◆ **Work instructions**
Set every record down again, exactly and completely.

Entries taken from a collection
####################

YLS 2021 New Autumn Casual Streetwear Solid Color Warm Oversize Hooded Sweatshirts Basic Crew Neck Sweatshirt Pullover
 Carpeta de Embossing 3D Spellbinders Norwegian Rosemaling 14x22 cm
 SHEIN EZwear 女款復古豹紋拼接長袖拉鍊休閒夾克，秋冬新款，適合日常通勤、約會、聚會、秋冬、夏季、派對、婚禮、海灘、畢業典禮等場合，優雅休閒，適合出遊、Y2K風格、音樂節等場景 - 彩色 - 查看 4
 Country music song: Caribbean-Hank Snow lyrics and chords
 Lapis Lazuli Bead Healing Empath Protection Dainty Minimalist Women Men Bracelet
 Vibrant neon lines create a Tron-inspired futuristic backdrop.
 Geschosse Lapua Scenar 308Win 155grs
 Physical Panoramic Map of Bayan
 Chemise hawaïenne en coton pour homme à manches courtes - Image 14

####################

◆ **Solution to this problem**
YLS 2021 New Autumn Casual Streetwear Solid Color Warm Oversize Hooded Sweatshirts Basic Crew Neck Sweatshirt Pullover
 Carpeta de Embossing 3D Spellbinders Norwegian Rosemaling 14x22 cm
 SHEIN EZwear 女款復古豹紋拼接長袖拉鍊休閒夾克，秋冬新款，適合日常通勤、約會、聚會、秋冬、夏季、派對、婚禮、海灘、畢業典禮等場合，優雅休閒，適合出遊、Y2K風格、音樂節等場景 - 彩色 - 查看 4
 Country music song: Caribbean-Hank Snow lyrics and chords
 Lapis Lazuli Bead Healing Empath Protection Dainty Minimalist Women Men Bracelet
 Vibrant neon lines create a Tron-inspired futuristic backdrop.
 Geschosse Lapua Scenar 308Win 155grs
 Physical Panoramic Map of Bayan
 Chemise hawaïenne en coton pour homme à manches courtes - Image 14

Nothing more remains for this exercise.